氧化铈的电子导电性较低、氧空位数量少, 难以单独用作为电催化剂。但是掺杂过渡金属或非金属元素可以提高氧化铈的CO催化能力, 同时在氧化物中掺杂钴可有效提高材料的电催化能力, 因此本工作开展了对钴掺杂的氧化铈电催化性能的研究。采用均相沉淀法制备了钴掺杂的氧化铈纳米粒子, 电化学测试发现当钴掺杂比例为20mol%时, 氧化铈纳米粒子对氧气还原反应(ORR)和氧气析出反应(OER)的综合催化能力最强。经过10 h的长时间催化作用, ORR、OER过程中的电流密度分别下降了20%、5%左右, 远优于贵金属和未掺杂氧化铈纳米粒子催化剂, 显示出良好的催化稳定性。拉曼光谱、阻抗图及XPS谱图等的测试分析表明钴掺杂后材料的电荷转移阻抗降低(电子导电性的提高)、氧活性物种和氧空位增加是氧化铈催化性能提高的主要原因。本工作通过钴掺杂大幅度提高了氧化铈的电催化性能, 同时为其它离子导体作为双功能电催化剂的使用提供了借鉴。

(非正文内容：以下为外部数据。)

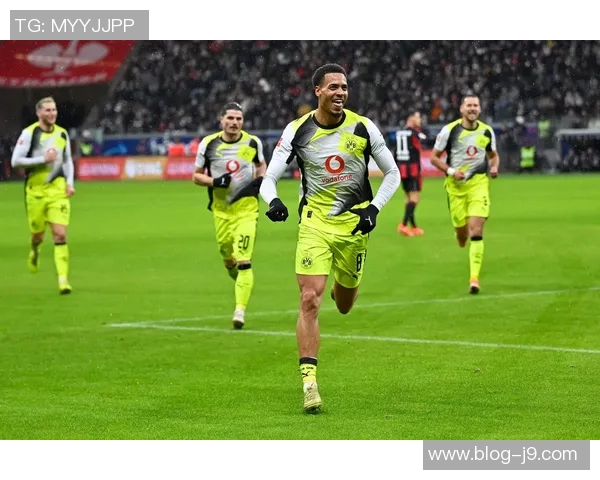 德甲精彩对决多特蒙德强势击败法兰克福展现冠军实力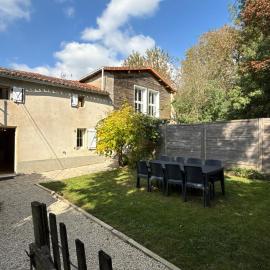 Le Hameau des possibles gites 16- personnes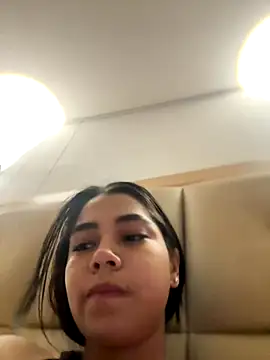 Snapshot of darsha_90 chatting on November 13, 1:37 am darsha 90 online show from November 13, 1:37 am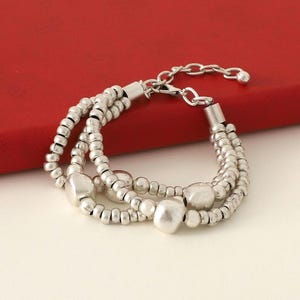 Silverkulkedjearmband: Minimalistiska statementsmycken, Modernistiskt damarmband
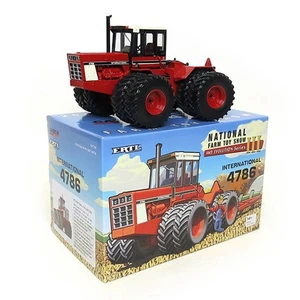 1/32 International IH 4786 4WD Tractor, 2015 National Farm Toy Show 16272A - Picture 1 of 6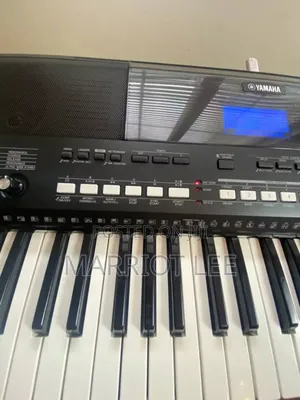 PSR 433_ 61 Keys Electronic Keyboard_ Piano
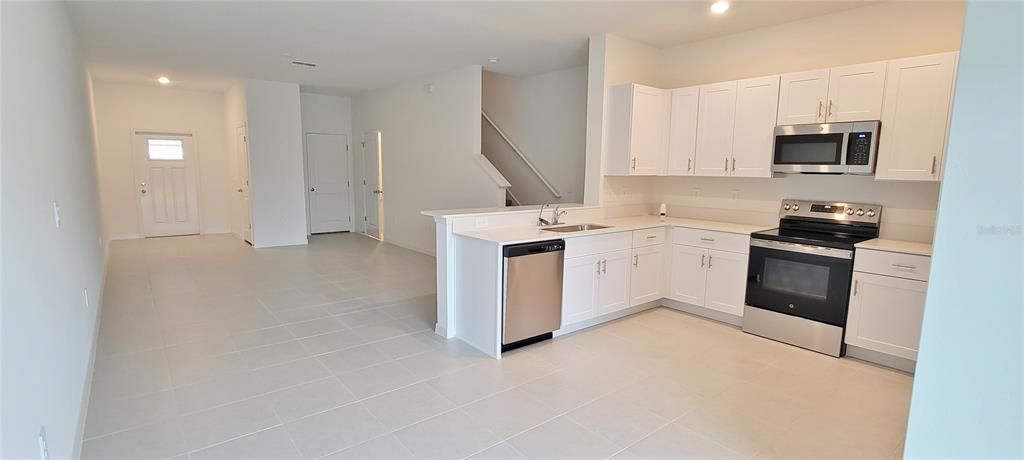 For Rent: $2,000 (3 beds, 2 baths, 1634 Square Feet)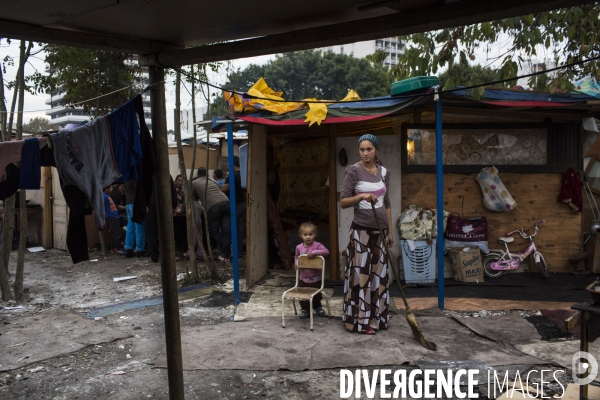 Reportage dans le camps de roms de sarcelles, menace d expulsion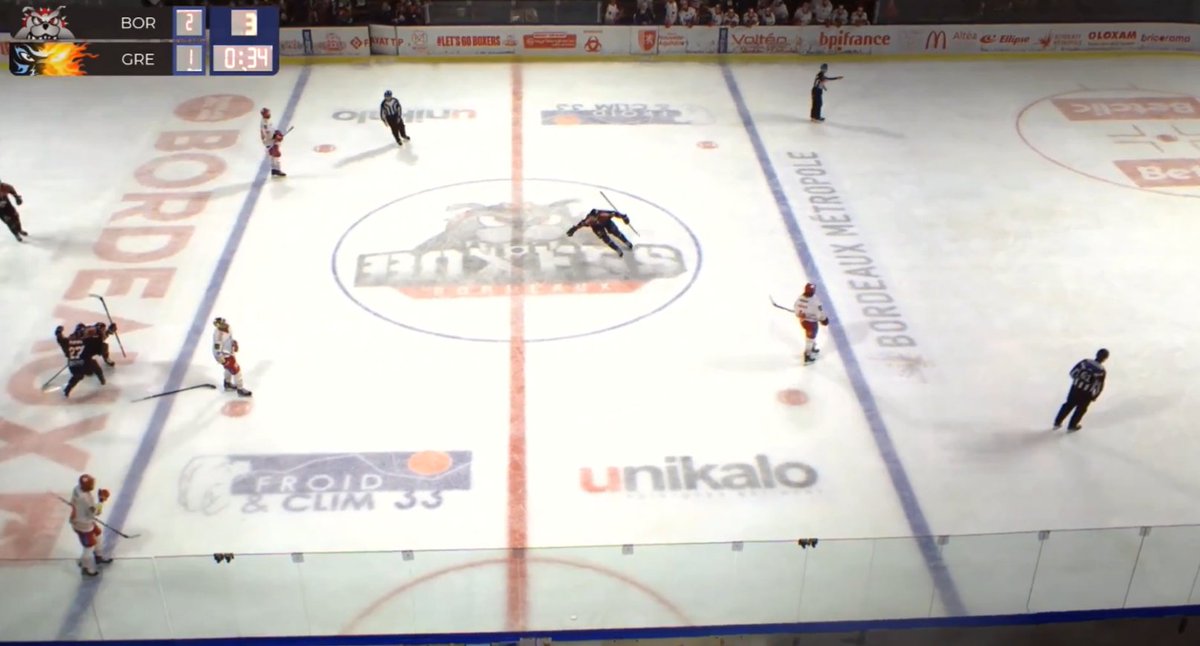 LigueMagnus's tweet photo. 😱 Les @BoxersBordeaux marquent le but de la victoire en cage vide !!! 3-1 à quelques secondes du terme du match !
@FANSEAT_FR
#SLMHockey #BORGRE https://t.co/n8DJenVYTH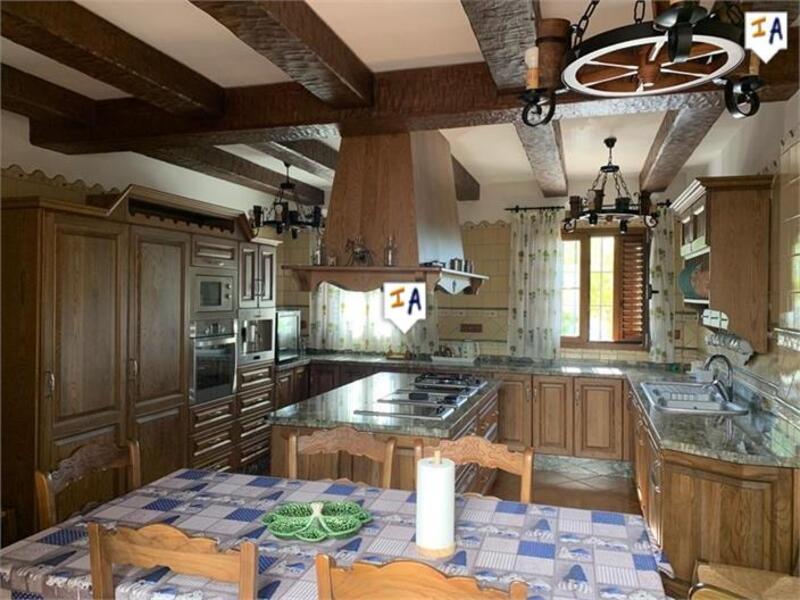 6 slaapkamer Gezinswoning Te koop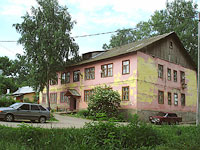 Zhigulevsk, Muravlenko st, house 1. Apartment house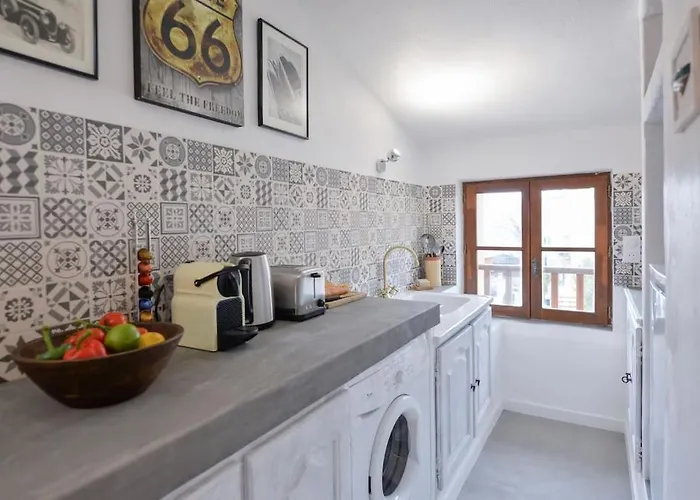 Le Petit Bateau - New Cosy/charming Studio/mezzanine For 3 - Ac/wifi * Antibes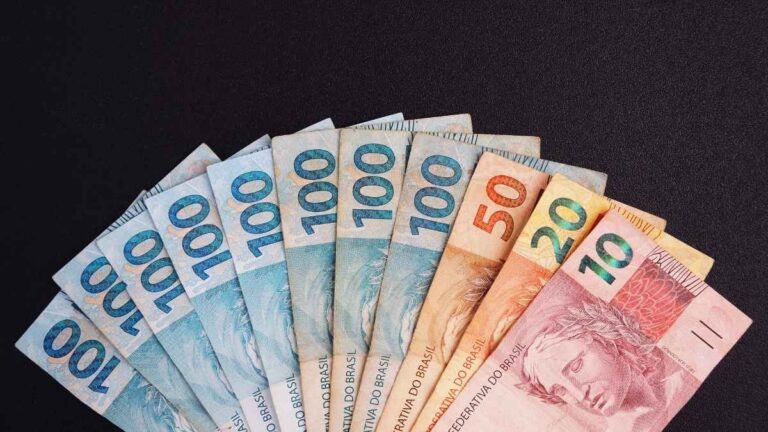 Cédulas em R$, representando os dividendos do mês de outubro.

Electrocatalytic Activity of Cobalt Doped Ceria Nanoparticles

It is very difficult for single ceria to be used as an electrocatalyst because of its relatively poor electron conductivity and rare number of oxygen vacancy. Recently, it has been studied in the field of CO catalysis by doping transition metallic or non-metallic elements to improve the catalytic ability of ceria, while recent research has demonstrated that many oxides containing cobalt display better electrocatalytic activity. In this study cobalt doped ceria nanoparticles were prepared by homogeneous precipitation method. The electrochemical tests show that the optimum doping molar ratio is 20mol% for ORR and OER catalytic effect. After 10 hours of catalysis, the current density of ORR and OER decrease by about 20% and 5%, respectively, far below the corresponding values when noble metal and undoped cerium oxide nanoparticles were used as catalysts, and it indicated that the prepared catalyst owns good catalytic stability. In addition, XPS and other tests show that the decrease of charge transfer impedance (the improvement of electronic conductivity), the increase of active oxygen species, and the increased oxygen vacancies after doping are main reasons for improved catalytic performance. Therefore, doping cobalt greatly enhanced electrocatalytic properties of ceria nanoparticles are greatly enhanced by doping cobalt, providing guidence for other ionic conductors employed as bifunctional electrocatalysts.